Instructions for the task:
Every line of the data below is to be duplicated exactly, pictures excepted.

Collected material:

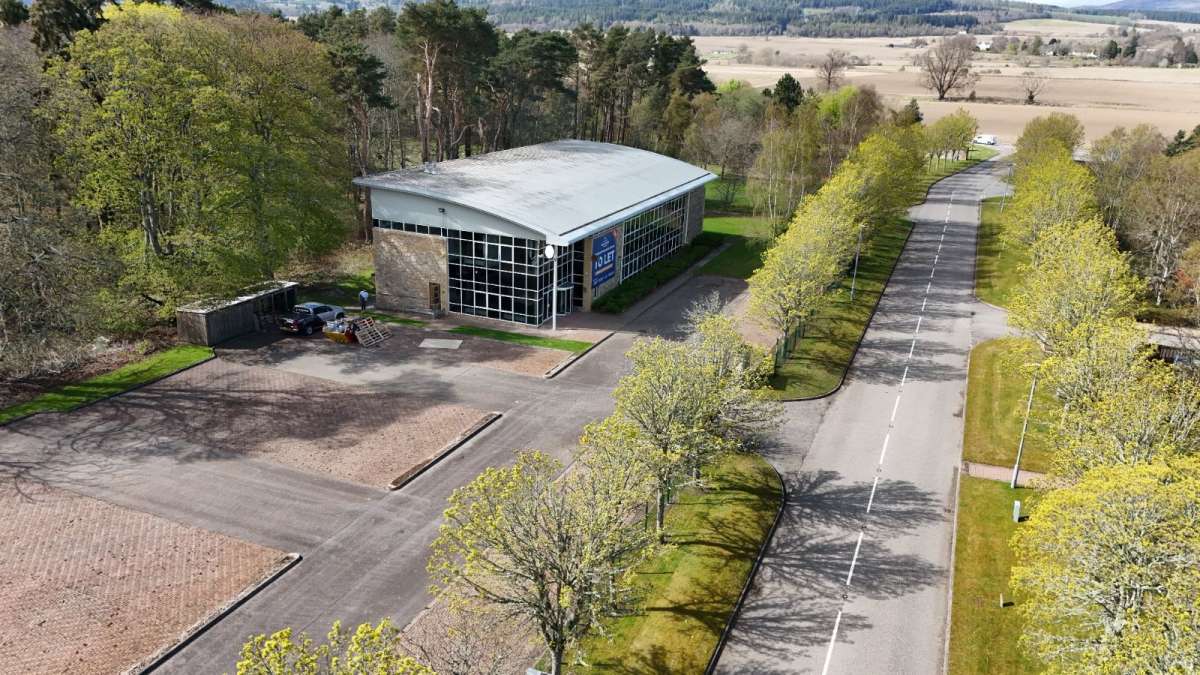 Office in Inverness - photo 3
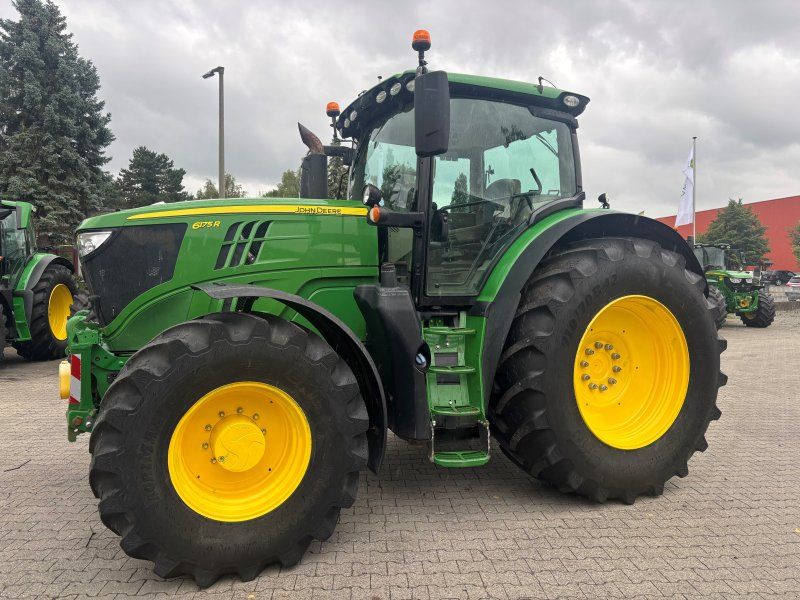 John Deere 6175R
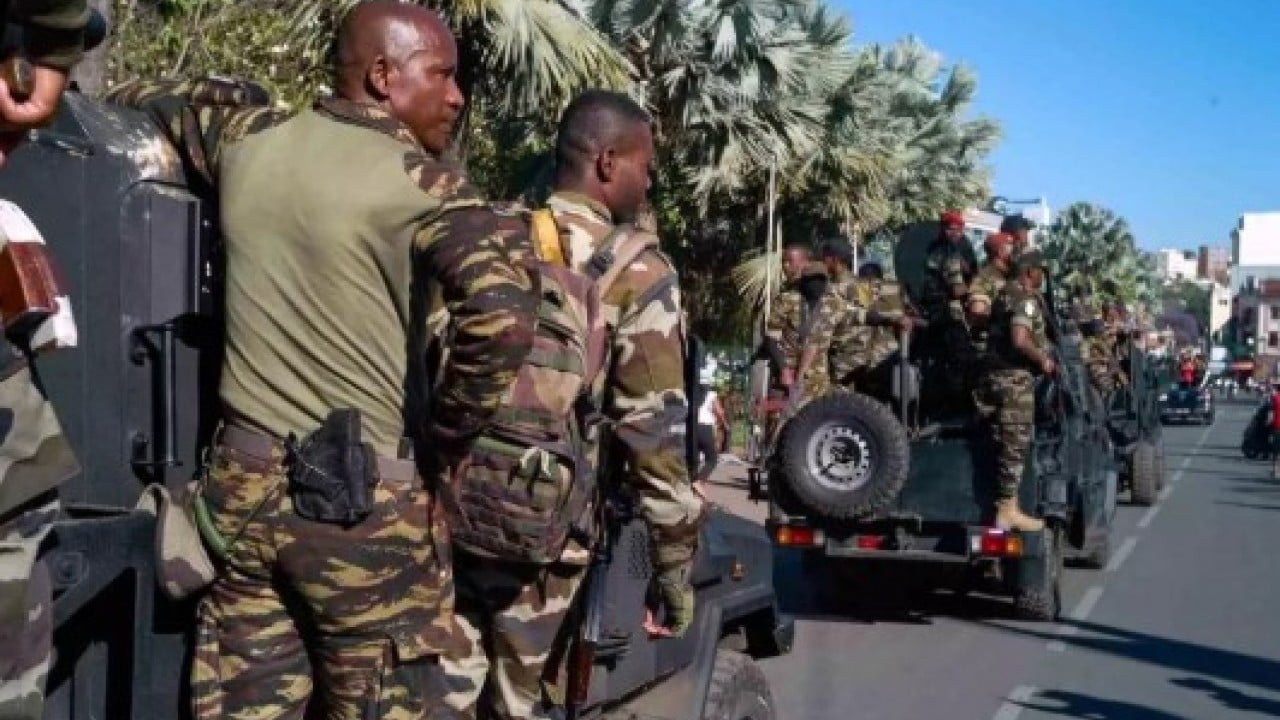 Foto - Cumhurbaşkanı başka ülkeye kaçmıştı: Ordu yönetime el koydu! 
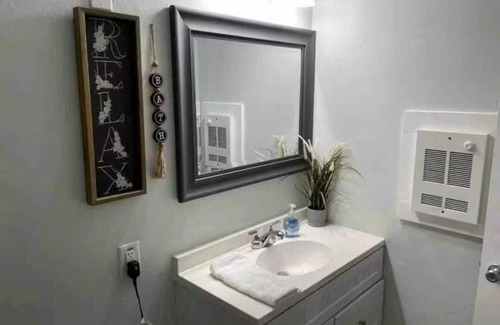 Northwest Corpus Christi Apartment | Apt #1/10 min from Refineries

Output below:
 Office in Inverness - photo 3
 John Deere 6175R
 Foto - Cumhurbaşkanı başka ülkeye kaçmıştı: Ordu yönetime el koydu! 
 Northwest Corpus Christi Apartment | Apt #1/10 min from Refineries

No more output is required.